The UK’s Global Travel Taskforce, which has been charged with considering how to boost safe travel to and from the UK in light of the COVID-19 pandemic, announced today that from 15 December it will remove the 14-day quarantine requirement for international passengers. This will be replaced with the option to take a test from a private provider after five days of self-isolation, with a negative result releasing passengers from the need to isolate.1
Since June, the UK has had a policy in place that all international travellers need to quarantine for 14 days unless they arrive from one of the countries on the UK government’s list of travel corridors. Part of the basis for this policy was evidence from Public Health England (PHE) that concluded testing on arrival at an airport would identify only 7% of virus cases and therefore would not be effective at helping to control the spread of COVID-19.2 Oxera and Edge Health were subsequently commissioned by a consortium of airlines, airports and industry organisations to undertake analysis of this PHE paper.3 Our analysis showed that the PHE paper had significantly understated the effectiveness of testing.
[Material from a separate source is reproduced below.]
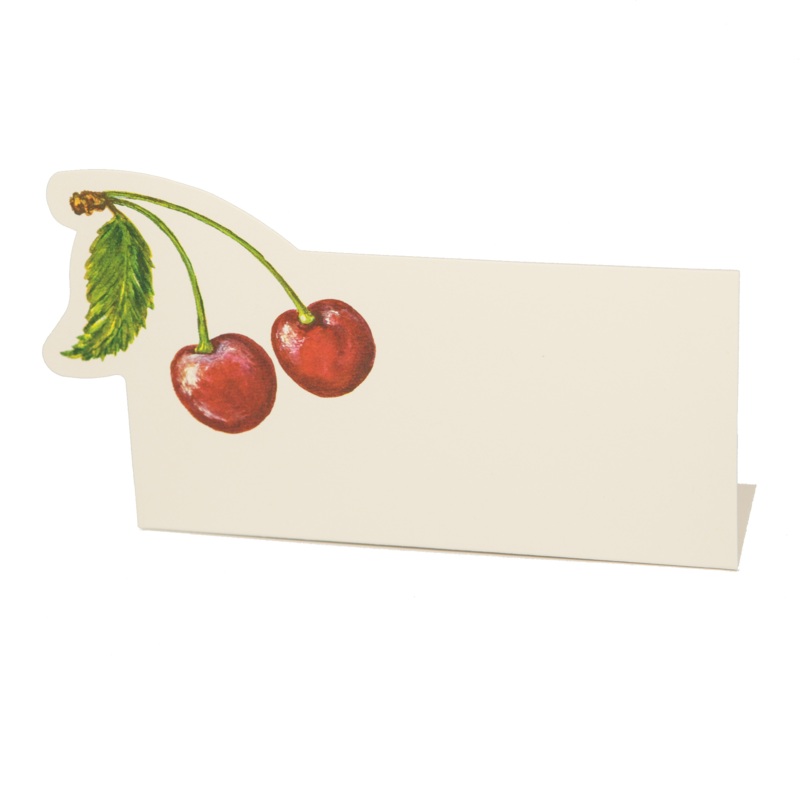 Cherries Place Card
The UK government established the Taskforce in October to consider a wide range of evidence from expert representatives in order to determine how a testing regime could be introduced to increase safe travel to and from the UK. With the announcement today, the government has brought the UK more in line with other European countries that have testing schemes in place such as Germany, Belgium, France and Portugal. Importantly, it is also likely to provide some boost to air travel and therefore help to mitigate some of the negative impacts on the travel and tourism sectors, which have been hard hit by the pandemic.
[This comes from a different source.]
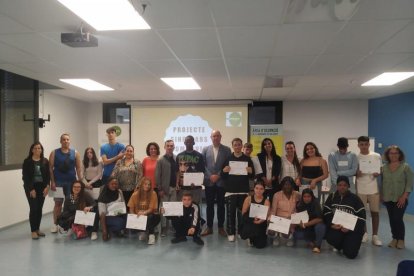 Un programa en Balaguer ayuda a 27 jóvenes a encontrar empleo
However, there is a question about whether the government’s recommendation is the most effective from a public health perspective in terms of limiting the potential spread of COVID-19 from passengers to the local community.
An effective strategy?
In partnership with Edge Health, we have undertaken our own modelling of the effectiveness of a range of different airport testing regimes. Our analysis takes account of non-compliance with quarantine rules, which is widely acknowledged (including by SAGE 4 and academic studies), but something that the government has not previously considered in its analysis.5 Compliance has been estimated to be only 71% for symptomatic individuals and as low as 28% for asymptomatic individuals. When these levels of non-compliance are taken into account, we find that a 14-day quarantine is actually the least effective strategy. It therefore makes sense that the government has moved away from this policy.
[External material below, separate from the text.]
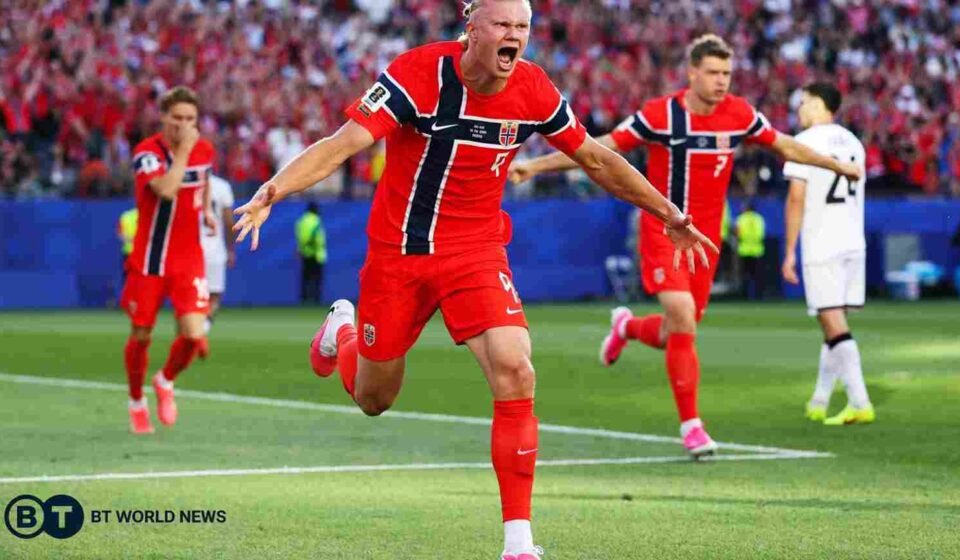 Norway vs Iraq | Haaland Scores Twice as Norway Crush Iraq 4-1 in World Cup Clash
However, our analysis shows that testing on day three is the most effective strategy from a public health perspective (see Table 1). This reflects the balance between infection detectability increasing while travellers wait for a test and an earlier testing minimising non-compliance for passengers who receive a positive test result. Testing pre-departure and on arrival are also effective, and may have practical and logistical benefits (e.g. testing at the airport ensures that individuals take the tests). Testing five days after arrival is shown to have a nearly identical level of effectiveness to testing on arrival. Therefore, if the government is going to move to testing on day five, which is less effective than testing on day three, it might as well move to testing on arrival as this will have a greater impact in terms of boosting travel with no additional public health risks.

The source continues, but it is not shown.